In sum, while I am generally sanguine about the U.S. economy, I am now on alert about U.S. equity markets because I believe the China devaluation crisis is a meaningful marker in the slowdown in global growth. And given the lack of U.S. wage growth, I don’t see a sustainable underpinning for much more earnings growth in this cycle.

When we look at what is happening with China, one way to think about it is as being inherently a problem of overcapacity due to malinvestment, meaning the deflationary pressures in China are supply driven rather than demand-driven. No manner of stimulus will boost domestic demand enough to meet the excess capacity and so China will slow. The question is how it slows, how fast it slows and what policies are put in place to ameliorate that slowing. For example, if China tries to pull the interest rate lever by lowering interest rates to ease domestic credit conditions as a primary vehicle for easing, it is simply making it easier to sustain overcapacity. It would be giving a lifeline to companies that are contributing to global manufacturing overcapacity. And, in an environment of domestic producer price deflation in excess of 5%, this is deflationary, not inflationary.

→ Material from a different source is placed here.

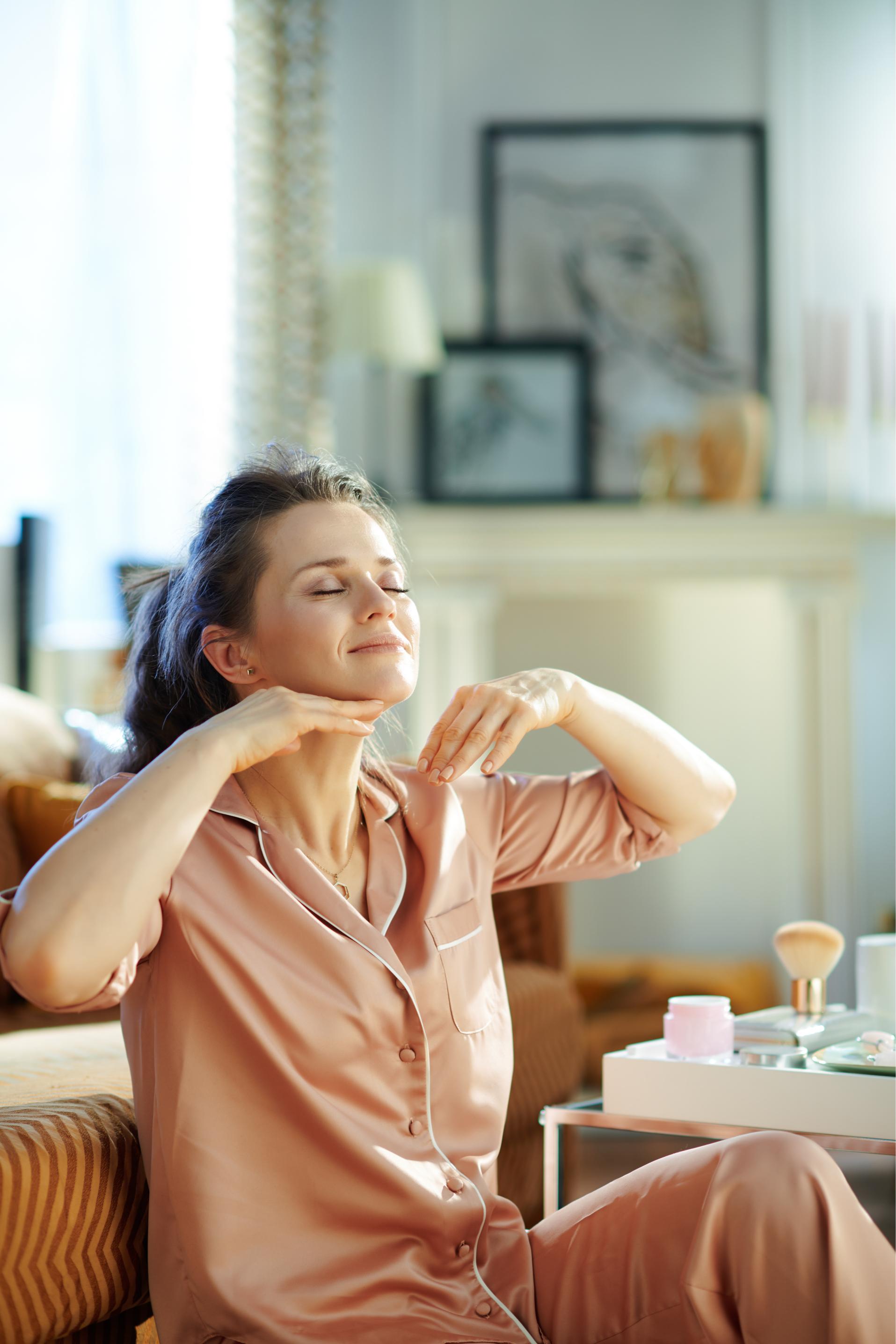 تنظيم مواعيد النوم يساعدك على الصيام دون تعب رئيسية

What the Chinese need to do to combat the slowing growth – and what will eventually happen – is allow the currency to act more as the release valve. I think 10% down is very doable by year-end. And of course, this will export China’s deflation abroad, exactly the reason that commodity markets and emerging markets are selling off. If China tries to hold the peg while lowering rates, it will continue the overcapacity problem, something that can only be alleviated via tightening domestic credit conditions associated with the currency intervention to hold the peg. And this risks a hard landing. I believe this will also mean a continued skew toward the sectors suffering overcapacity. But let’s see how this unfolds.

For the time being, as the growth slowdown in China plays out, we should expect the pressure on commodity and oil prices to remain. And the impact will thus be greatest on emerging markets and developed markets most leveraged to oil and commodities like Canada, New Zealand and Australia. India is the emerging market that looks most likely to benefit given its oil importing role.

From a U.S. perspective, the biggest economic impact will be in shale oil and oil-related capital investment as reserve accounting takes its toll on balance sheets. I expect the market death scenario to begin to play out in the U.S. and for this to weaken U.S. growth by Q4.

In sum, right now the numbers look good, both on GDP and on jobs. But underneath, things are softer. The Fed could hike rates next month because of the 3.7% growth number, but right now there is no catalyst for an uptick in U.S. growth. I see this number as a one-off, with the U.S. continuing a middling path, the greatest risk being to the downside.